I use an Arduino nano 33 iot with a MCP2515 card (link). I can’t see the heartbeat node neither on QgroundControl (Pixhawk4 with PX4 v1.11) nor on UAVCAN GUI Tool (bluePill) but the Zubax GNSS node works on both.
This is because all of the other equipment you mentioned here runs UAVCAN v0. There is work underway to release preliminary UAVCAN v1 support (MVP) in PX4 in the very near future (I suspect it’s about a week away, but @TSC21 knows best). For now, please use the PyUAVCAN CLI for testing.
The pin-out looks very much correct, you can try and run MCP2515-Loopback on your Nano 33 IoT and check if you see the following output on your serial (timestamp may differ):
[ 4232231] ID 1 DATA[0]
[ 4242479] ID 2 DATA[4] CA FE CA FE
[ 4252705] ID 3 DATA[8] CA FE CA FE CA FE CA FE
[ 4262682] ID 4 DATA[4] 21 0 0 EC
[ 4272643] ID 7FF DATA[0]
[ 4282847] ID(EXT) 80000000 DATA[0]
[ 4292947] ID(EXT) 9FFFFFFF DATA[0]
Other than that I’ve got to confirm @pavel.kirienko’s assesment, that is that UAVCAN V1 is currently not supported my any tools except pyuavcan cli. In order to clarify this and safe future early adopters the trouble I’ve augmented the repositories README with a warning.

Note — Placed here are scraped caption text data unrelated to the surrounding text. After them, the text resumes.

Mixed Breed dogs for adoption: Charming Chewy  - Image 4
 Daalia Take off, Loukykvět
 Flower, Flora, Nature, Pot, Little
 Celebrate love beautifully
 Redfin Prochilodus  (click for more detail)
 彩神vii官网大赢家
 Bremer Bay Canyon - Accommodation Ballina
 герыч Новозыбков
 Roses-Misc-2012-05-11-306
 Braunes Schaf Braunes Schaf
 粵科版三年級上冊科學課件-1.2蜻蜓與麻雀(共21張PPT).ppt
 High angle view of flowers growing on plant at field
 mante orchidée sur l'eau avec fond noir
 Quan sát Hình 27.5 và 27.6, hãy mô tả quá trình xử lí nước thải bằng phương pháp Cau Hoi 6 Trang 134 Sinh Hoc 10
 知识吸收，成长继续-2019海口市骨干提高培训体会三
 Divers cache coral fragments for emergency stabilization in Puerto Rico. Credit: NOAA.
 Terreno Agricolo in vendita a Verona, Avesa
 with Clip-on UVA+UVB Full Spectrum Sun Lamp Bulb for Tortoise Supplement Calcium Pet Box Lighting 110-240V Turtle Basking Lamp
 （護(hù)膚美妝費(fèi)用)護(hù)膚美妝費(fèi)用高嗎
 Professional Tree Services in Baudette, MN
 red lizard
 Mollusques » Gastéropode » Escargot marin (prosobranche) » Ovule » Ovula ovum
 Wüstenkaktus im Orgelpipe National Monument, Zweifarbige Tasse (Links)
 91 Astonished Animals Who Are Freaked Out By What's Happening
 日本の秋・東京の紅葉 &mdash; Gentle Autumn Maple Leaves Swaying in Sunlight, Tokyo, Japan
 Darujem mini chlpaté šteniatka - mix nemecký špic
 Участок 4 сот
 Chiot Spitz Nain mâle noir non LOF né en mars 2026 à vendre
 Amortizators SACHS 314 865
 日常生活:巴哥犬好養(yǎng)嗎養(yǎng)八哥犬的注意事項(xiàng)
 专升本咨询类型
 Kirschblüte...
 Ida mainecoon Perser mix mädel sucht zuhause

OK, MCP2515-Loopback is a good debugging tool, I found that the Arduino pin-out was not good, the nano_33_iot can’t use D7 with attachInterrupt() function. I changed it to the D9.
For general information: I’ve created a separate github project in order to untangle the UAVCAN on Arduino effort from the Viper MAV project (so far only Viper MAV was pursued and tracked within the 107-systems github org).
107-Arduino-UAVCAN:v1.3.1, the Arduino library for UAVCAN has been released. Support for ESP32 has been fixed (didn’t compile, due to erroneous macro expansion).
107-Arduino-UAVCAN:v1.4.0 has just been released. Contains all DSDL types as per public_regulated_data_types@0a773b9 and does support the community contributed Raspberry Pi RP2040 core arduino-pico. This means the library can be run on any of the RP2040 based boards provided by this core.
@pavel.kirienko I see that public_regulated_data_types#125 eliminated /reg/drone. Please advise on whether or not to update the DSDL types within 107-Arduino-UAVCAN. I’d rather avoid reinstating reg/drone within a couple of months, so I’d prefer to keep them for now as is.
It’s possible that the AVR based Arduino’s could run 107-Arduino-UAVCAN when considering raw computing and memory requirements. However, C++11 and STL support leaves much to be desired for on the AVR platform and while it should be possible to compile for AVR pulling in 3rd party libraries providing STL I wouldn’t want to bet on the performance.